**Aim of the task**. Transcribe every entry that follows exactly, omitting all pictures.

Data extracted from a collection
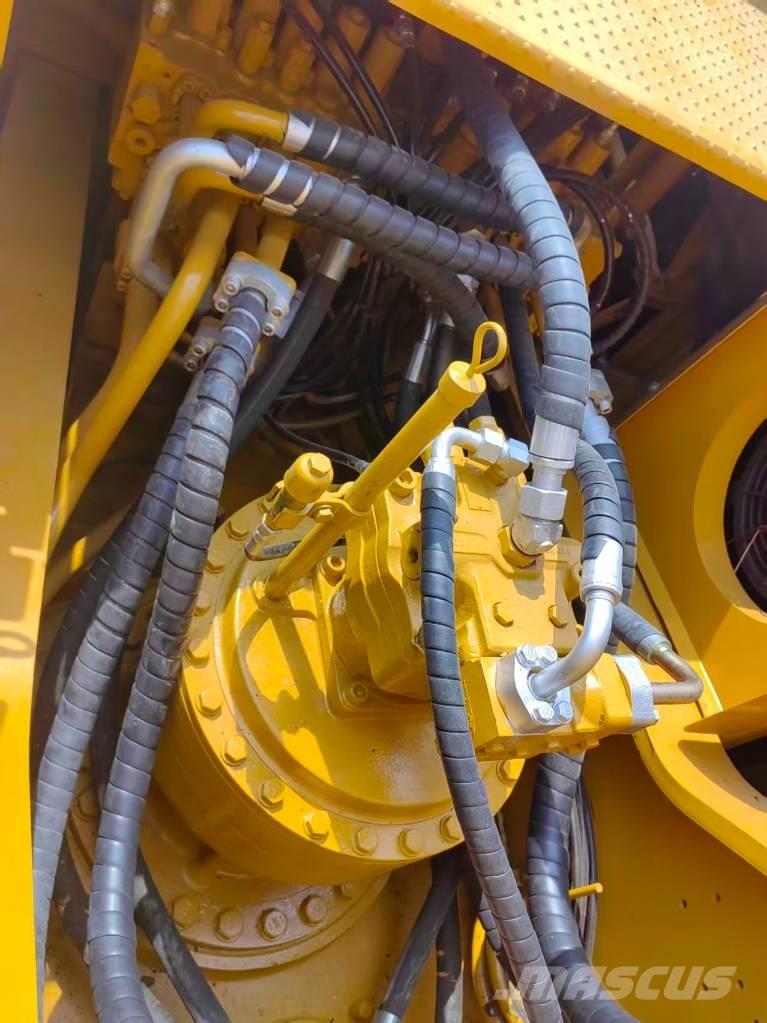 CAT 340 D L Εκσκαφείς με ερπύστριες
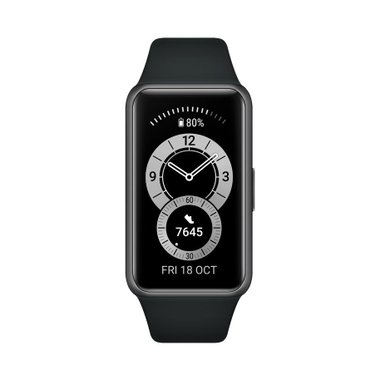 Фитнес гривнa HUAWEI BAND 6 BLACK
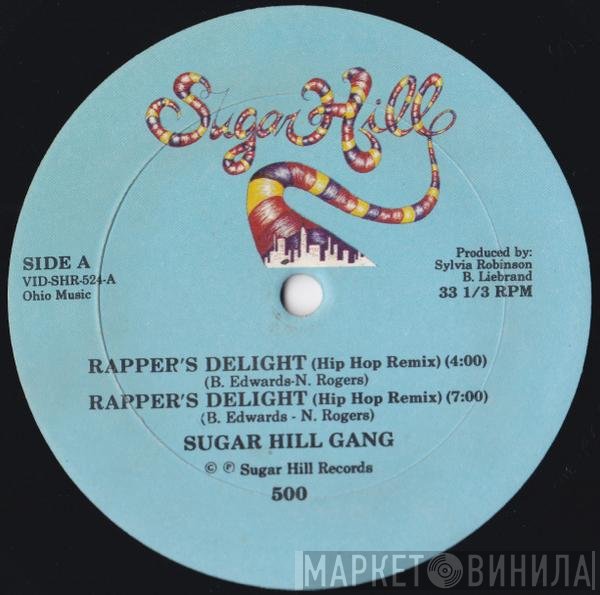 Sugarhill Gang  - Rapper's Delight (Hip Hop Remix)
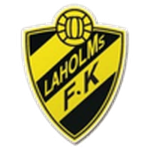 Laholm team flag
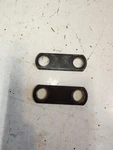 Set Of 2 - 00 Oem Polaris Indy 500 Radius Rod Bolt Bracket 5211345 (b61). Fixed Price $10.00.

**Exercise solution**.
 CAT 340 D L Εκσκαφείς με ερπύστριες
 Фитнес гривнa HUAWEI BAND 6 BLACK
 Sugarhill Gang  - Rapper's Delight (Hip Hop Remix)
 Laholm team flag
 Set Of 2 - 00 Oem Polaris Indy 500 Radius Rod Bolt Bracket 5211345 (b61). Fixed Price $10.00.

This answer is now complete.